*** Opening of SOURCE DATA ***

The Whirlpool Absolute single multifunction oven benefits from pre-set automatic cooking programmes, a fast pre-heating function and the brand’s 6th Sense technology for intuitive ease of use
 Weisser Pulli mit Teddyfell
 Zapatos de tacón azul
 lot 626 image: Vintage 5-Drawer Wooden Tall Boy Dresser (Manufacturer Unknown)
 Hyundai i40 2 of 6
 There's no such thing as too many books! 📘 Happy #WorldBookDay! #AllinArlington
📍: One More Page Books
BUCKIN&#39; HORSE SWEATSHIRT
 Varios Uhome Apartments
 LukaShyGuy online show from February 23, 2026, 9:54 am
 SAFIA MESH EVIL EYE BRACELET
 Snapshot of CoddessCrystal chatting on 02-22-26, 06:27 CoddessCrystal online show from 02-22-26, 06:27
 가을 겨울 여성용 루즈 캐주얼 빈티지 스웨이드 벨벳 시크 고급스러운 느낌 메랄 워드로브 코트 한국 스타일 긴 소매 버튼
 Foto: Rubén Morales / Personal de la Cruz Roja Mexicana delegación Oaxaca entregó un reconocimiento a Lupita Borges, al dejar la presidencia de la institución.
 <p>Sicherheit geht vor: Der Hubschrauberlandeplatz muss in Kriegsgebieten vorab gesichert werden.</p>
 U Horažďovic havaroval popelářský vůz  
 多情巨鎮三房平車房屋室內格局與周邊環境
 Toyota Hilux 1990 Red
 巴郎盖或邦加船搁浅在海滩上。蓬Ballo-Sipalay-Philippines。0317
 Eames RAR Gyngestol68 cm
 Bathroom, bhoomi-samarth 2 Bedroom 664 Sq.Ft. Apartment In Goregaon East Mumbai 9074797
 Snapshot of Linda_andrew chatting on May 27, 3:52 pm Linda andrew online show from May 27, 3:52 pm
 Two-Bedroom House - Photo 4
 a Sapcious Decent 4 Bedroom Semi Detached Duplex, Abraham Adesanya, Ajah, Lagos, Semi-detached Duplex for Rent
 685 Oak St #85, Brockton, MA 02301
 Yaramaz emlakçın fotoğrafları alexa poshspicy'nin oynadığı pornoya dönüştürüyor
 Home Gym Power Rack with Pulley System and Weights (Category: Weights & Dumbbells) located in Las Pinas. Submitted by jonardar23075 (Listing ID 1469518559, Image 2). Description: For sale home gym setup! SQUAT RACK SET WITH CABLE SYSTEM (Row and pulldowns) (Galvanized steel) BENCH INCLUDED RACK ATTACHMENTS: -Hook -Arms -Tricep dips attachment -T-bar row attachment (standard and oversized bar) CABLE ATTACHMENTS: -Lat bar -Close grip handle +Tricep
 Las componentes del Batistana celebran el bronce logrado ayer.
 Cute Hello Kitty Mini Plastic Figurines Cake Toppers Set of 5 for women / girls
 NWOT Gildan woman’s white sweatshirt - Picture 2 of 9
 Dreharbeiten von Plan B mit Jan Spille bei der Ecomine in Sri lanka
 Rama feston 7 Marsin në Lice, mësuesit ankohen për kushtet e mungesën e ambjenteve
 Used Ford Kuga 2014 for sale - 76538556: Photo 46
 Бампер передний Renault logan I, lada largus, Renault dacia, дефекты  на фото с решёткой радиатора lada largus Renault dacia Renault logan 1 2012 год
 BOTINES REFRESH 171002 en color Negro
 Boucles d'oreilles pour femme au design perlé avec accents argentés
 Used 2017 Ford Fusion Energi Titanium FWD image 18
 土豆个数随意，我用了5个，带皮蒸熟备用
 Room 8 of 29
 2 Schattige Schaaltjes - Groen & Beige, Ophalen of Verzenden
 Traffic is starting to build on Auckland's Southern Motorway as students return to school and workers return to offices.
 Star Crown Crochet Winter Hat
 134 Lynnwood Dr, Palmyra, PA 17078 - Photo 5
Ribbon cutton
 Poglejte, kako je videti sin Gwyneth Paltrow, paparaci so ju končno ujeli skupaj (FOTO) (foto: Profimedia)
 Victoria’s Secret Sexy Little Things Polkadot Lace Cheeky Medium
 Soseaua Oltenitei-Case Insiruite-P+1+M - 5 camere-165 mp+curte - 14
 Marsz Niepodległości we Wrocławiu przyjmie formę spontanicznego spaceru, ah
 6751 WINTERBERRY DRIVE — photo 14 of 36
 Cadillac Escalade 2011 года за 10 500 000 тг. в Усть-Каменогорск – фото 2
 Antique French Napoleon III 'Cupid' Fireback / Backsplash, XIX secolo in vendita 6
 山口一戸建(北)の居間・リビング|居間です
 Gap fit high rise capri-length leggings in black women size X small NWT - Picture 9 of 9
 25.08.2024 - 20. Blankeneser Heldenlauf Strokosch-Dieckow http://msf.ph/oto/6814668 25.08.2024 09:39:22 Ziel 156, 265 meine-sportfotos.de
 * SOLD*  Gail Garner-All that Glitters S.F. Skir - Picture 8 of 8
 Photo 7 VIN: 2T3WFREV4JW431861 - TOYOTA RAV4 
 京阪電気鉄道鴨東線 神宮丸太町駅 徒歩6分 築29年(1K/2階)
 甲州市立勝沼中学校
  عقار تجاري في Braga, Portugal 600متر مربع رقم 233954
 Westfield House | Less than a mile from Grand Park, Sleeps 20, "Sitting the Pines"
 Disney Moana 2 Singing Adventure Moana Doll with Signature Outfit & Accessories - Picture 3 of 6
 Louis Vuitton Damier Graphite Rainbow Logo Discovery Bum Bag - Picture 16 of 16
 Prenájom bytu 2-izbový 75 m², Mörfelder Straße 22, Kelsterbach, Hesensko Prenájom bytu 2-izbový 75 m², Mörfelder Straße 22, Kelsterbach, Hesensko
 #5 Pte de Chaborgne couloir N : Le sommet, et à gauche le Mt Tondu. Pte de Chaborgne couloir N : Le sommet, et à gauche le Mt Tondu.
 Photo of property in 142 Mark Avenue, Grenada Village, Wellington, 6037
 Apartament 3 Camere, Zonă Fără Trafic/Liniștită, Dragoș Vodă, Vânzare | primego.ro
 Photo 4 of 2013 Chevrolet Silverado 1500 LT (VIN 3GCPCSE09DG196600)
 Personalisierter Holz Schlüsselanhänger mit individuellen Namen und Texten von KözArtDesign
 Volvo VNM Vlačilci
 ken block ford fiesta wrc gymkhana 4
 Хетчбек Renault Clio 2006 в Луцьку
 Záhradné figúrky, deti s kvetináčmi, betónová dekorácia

*** Close of SOURCE DATA ***

#### ACTIVITY
Go through the data and gather every line that holds "House".

#### FINISHED EXERCISE
 Two-Bedroom House - Photo 4
 Westfield House | Less than a mile from Grand Park, Sleeps 20, "Sitting the Pines"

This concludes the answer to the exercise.